I'm against it. I think that the compiler/runtime should be fixed so that each unit test block is run in a module even if one fails. That would solve the problem quite nicely IMHO, and that's already _supposed_ to be how it works. It just isn't properly implemented in that regard yet. And I'm against unittest blocks running any code after a single failure. So, I don't think that any additional unit testing framework is necessary.

- Jonathan M Davis
December 29, 2011
On Wed, Dec 28, 2011 at 10:11 PM, Jonathan M Davis <jmdavisProg@gmx.com>wrote:

> On Wednesday, December 28, 2011 23:07:51 Jacob Carlborg wrote:
> > I think it is, don't know what others think. What it does is it catches AssertErrors so other unit tests can continue to run and then gives a nice report at the end.
>
> I'm against it. I think that the compiler/runtime should be fixed so that
> each
> unit test block is run in a module even if one fails. That would solve the
> problem quite nicely IMHO, and that's already _supposed_ to be how it
> works.
> It just isn't properly implemented in that regard yet. And I'm against
> unittest blocks running any code after a single failure.
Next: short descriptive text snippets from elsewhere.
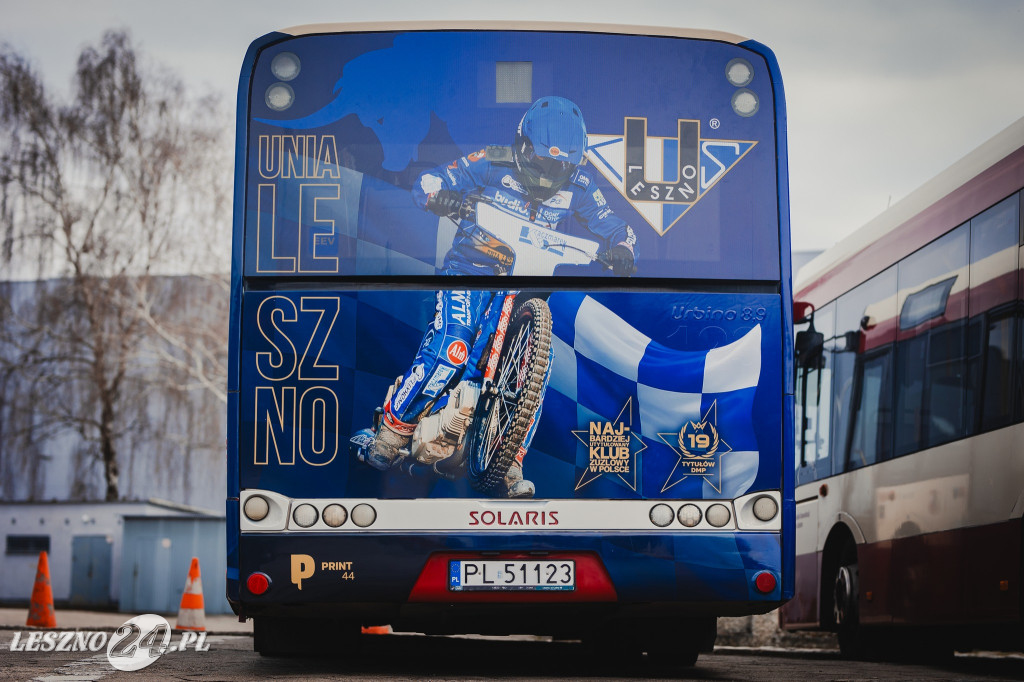 Byczy autobus komunikacji miejskiej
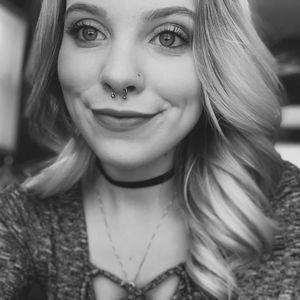 Meet your Posher, Laenee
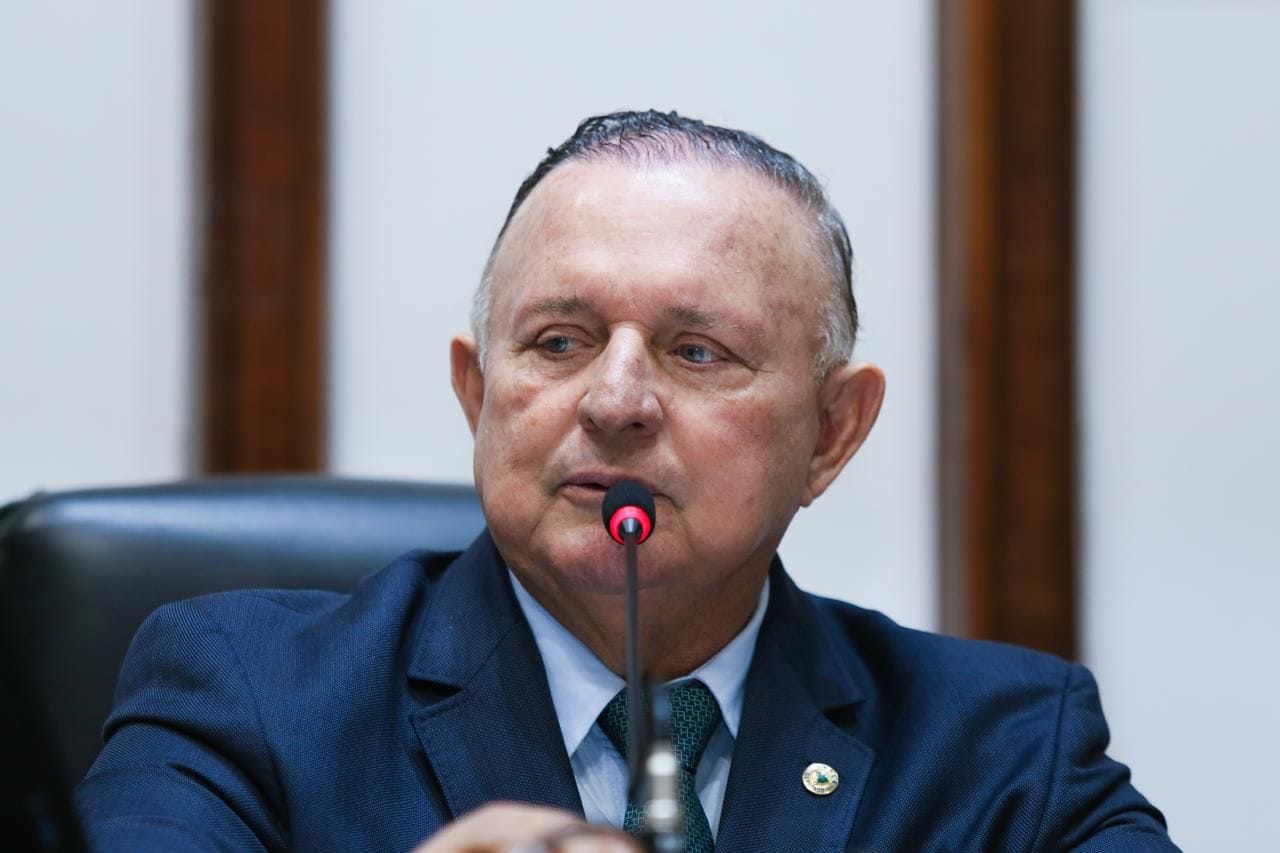 Adolfo Menezes diz que PEC das Praias é colocar “jabuti pra subir em árvore”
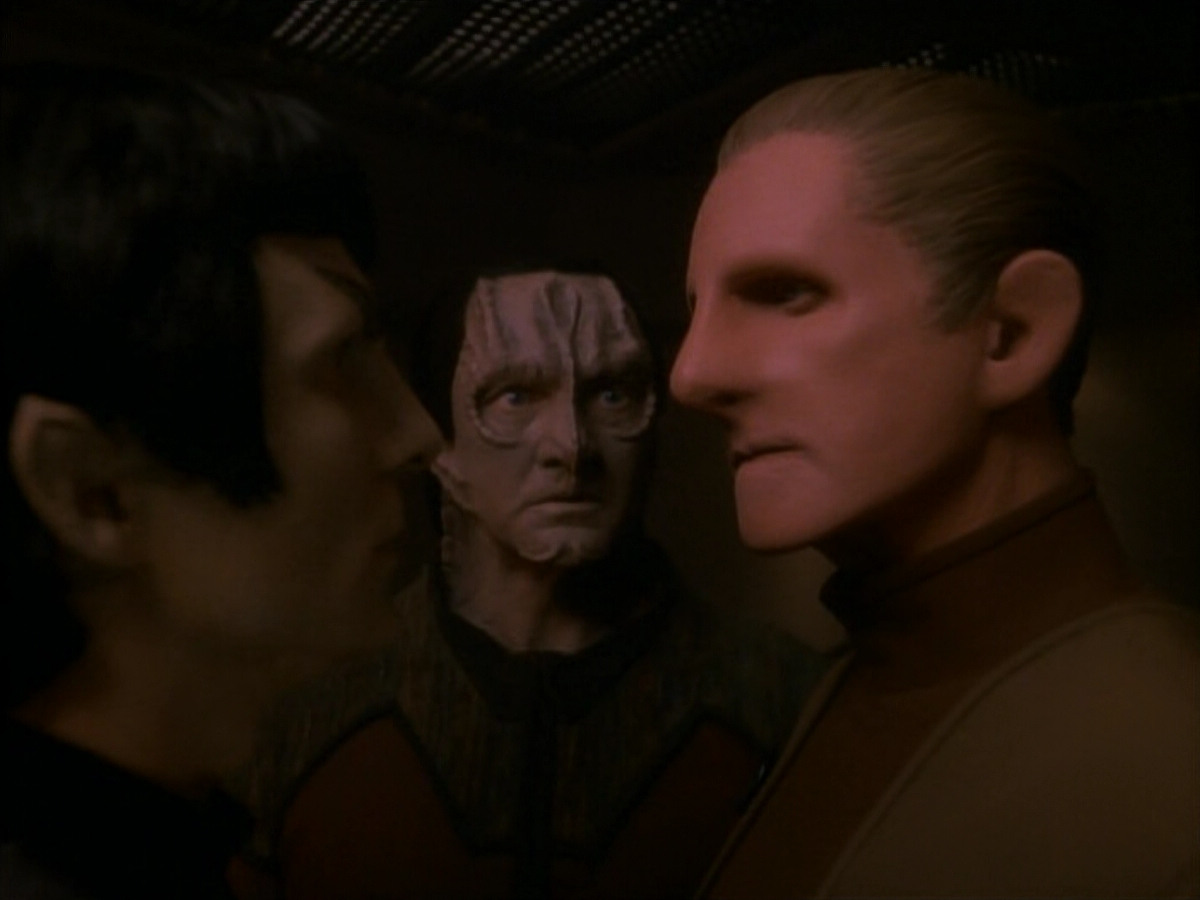 extant_StarTrek_DS9_3x21-TheDieIsCast_03134.jpg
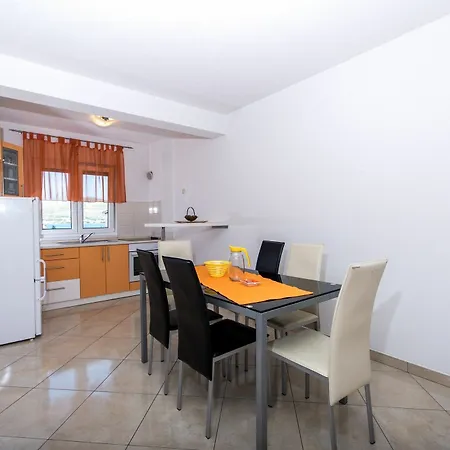 Apartment Apartments Lero Okrug Gornji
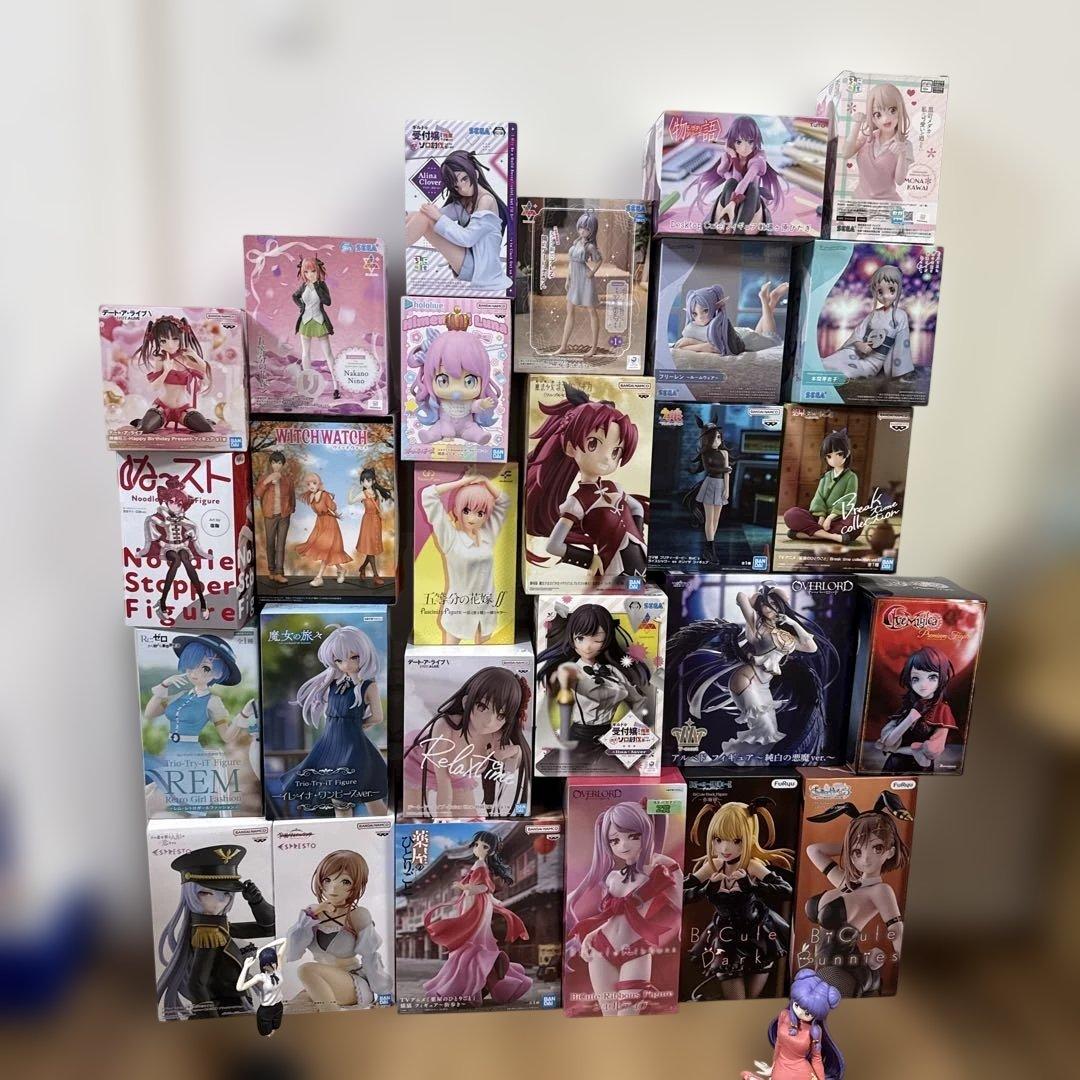 Prize Figure Bundle: 29-Piece Magical Girl Set - Hatsune Miku Premium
So, I don't think
> that any additional unit testing framework is necessary.
>
> - Jonathan M Davis
>

Forgive me if this is a silly question but a conversation in IRC got me wondering if compiler could check for shared/__gshared use (and any other thread unsafe operation) in each unittest and run those that aren't using them concurrently? Obviously not all at once but at least more than one at a time (perhaps set through user configuration).

Regards,
Brad


December 29, 2011
On Thursday, 29 December 2011 at 07:07:10 UTC, Brad Anderson wrote:
> Forgive me if this is a silly question but a conversation in IRC got me
> wondering if compiler could check for shared/__gshared use (and any other
> thread unsafe operation) in each unittest and run those that aren't using
> them concurrently? Obviously not all at once but at least more than one at
> a time (perhaps set through user configuration).
>
> Regards,
> Brad

The unittest code can ultimately call into both C and D code which source is not known. Such code would need to cause the unittest to be excluded from concurrent execution, in light of this I think it's questionable if such an analysis would be worth implementing. Perhaps look at some example unittest suites that take a long time and look at whether these examples can be proven to be thread-safe.